[Start of section]
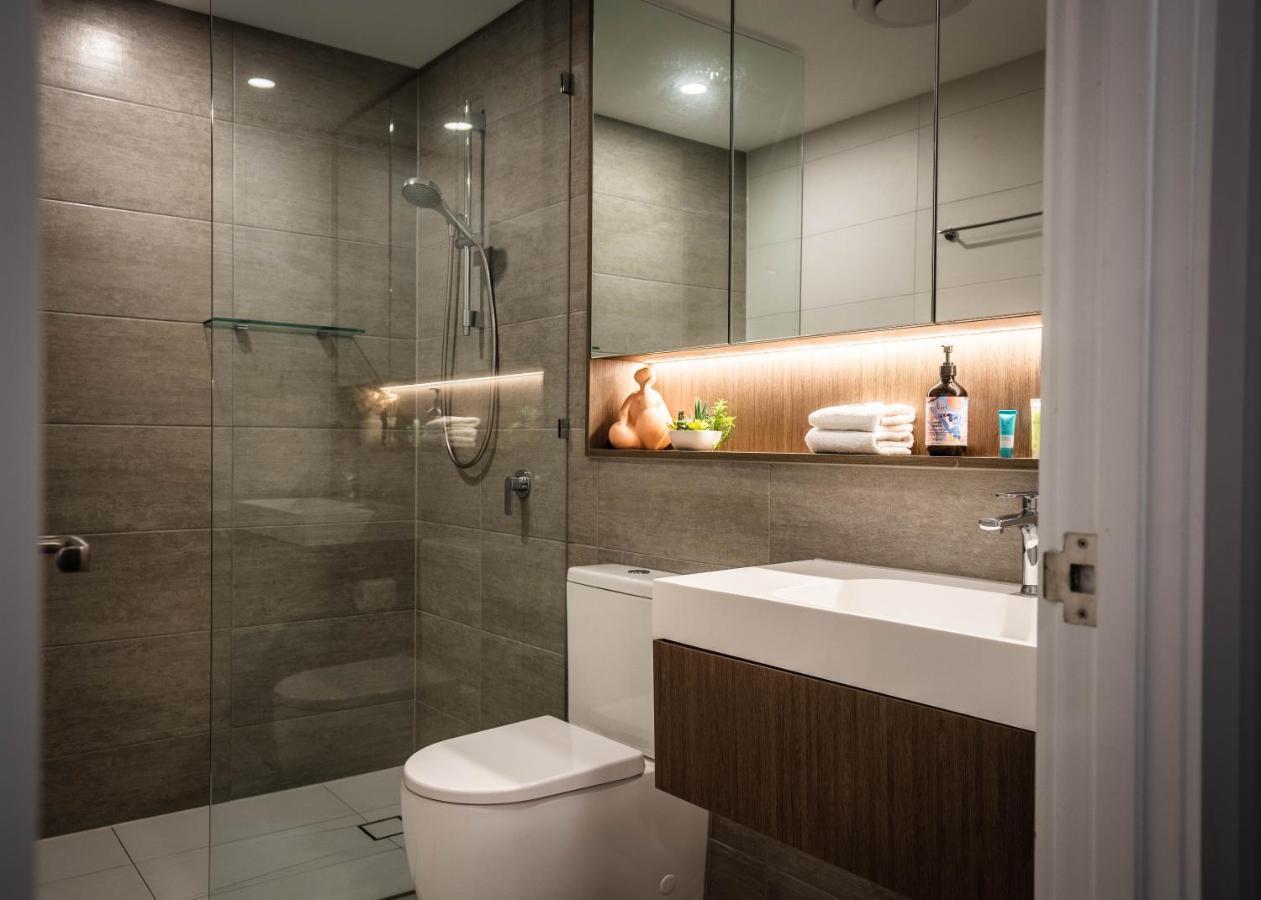 2 Bedroom Luxurious Family With Ocean View In Broadbeach Next To Casino And Pacific Fair Gc22 Vr * Gold Coast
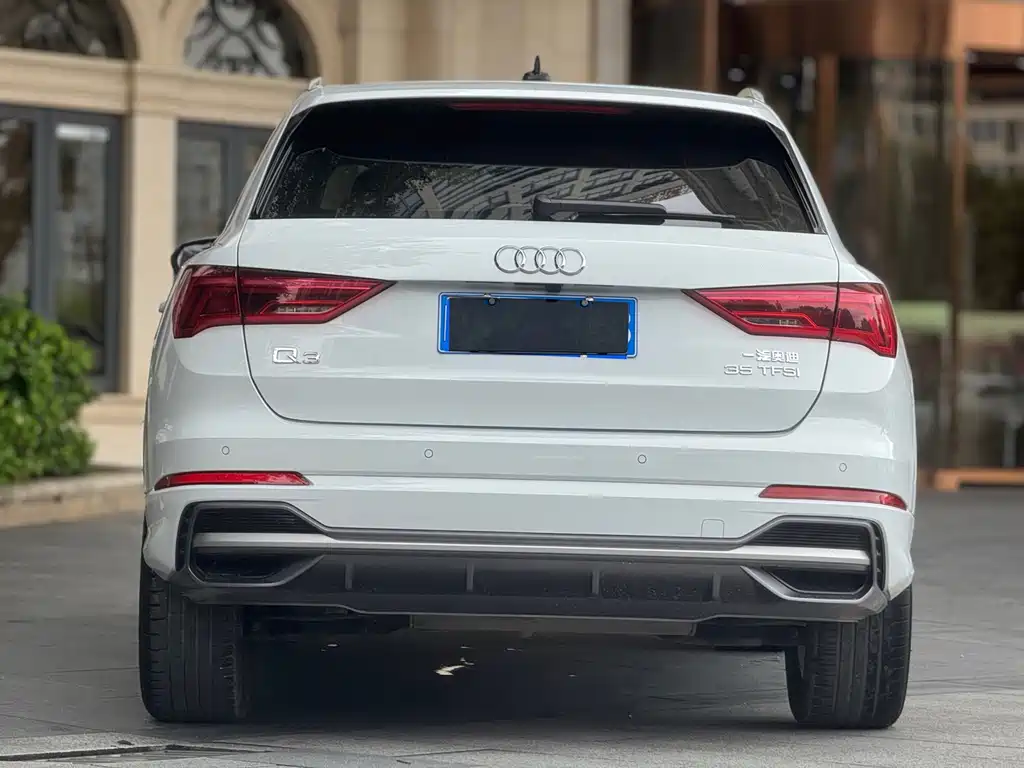 Audi Q3 - фото 8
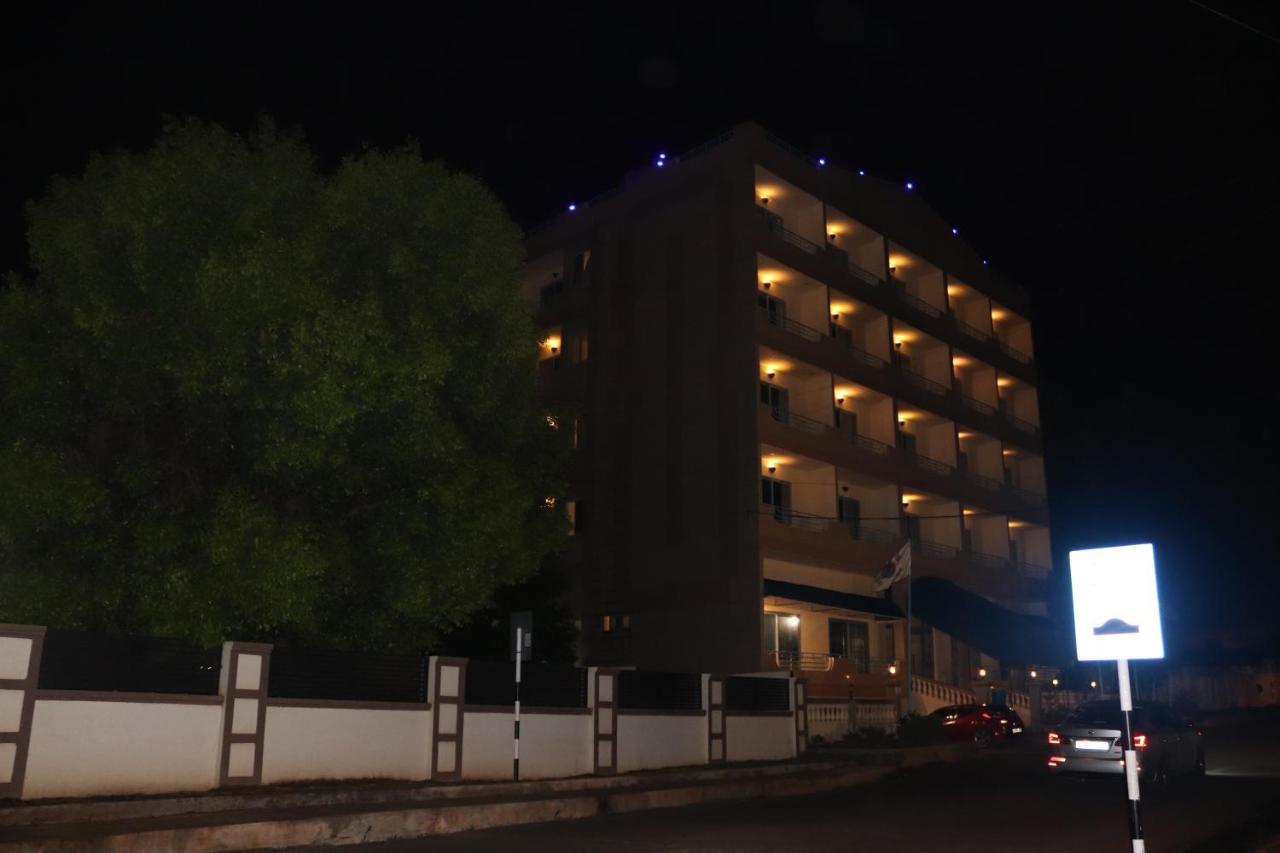Maple Leaf Korean Hotel Achimota Exterior foto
[End of section]
* [Aim of the exercise]:
The result should be every line of the data, reproduced exactly, with the images removed.

* [Task result]:
 2 Bedroom Luxurious Family With Ocean View In Broadbeach Next To Casino And Pacific Fair Gc22 Vr * Gold Coast
 Audi Q3 - фото 8
Maple Leaf Korean Hotel Achimota Exterior foto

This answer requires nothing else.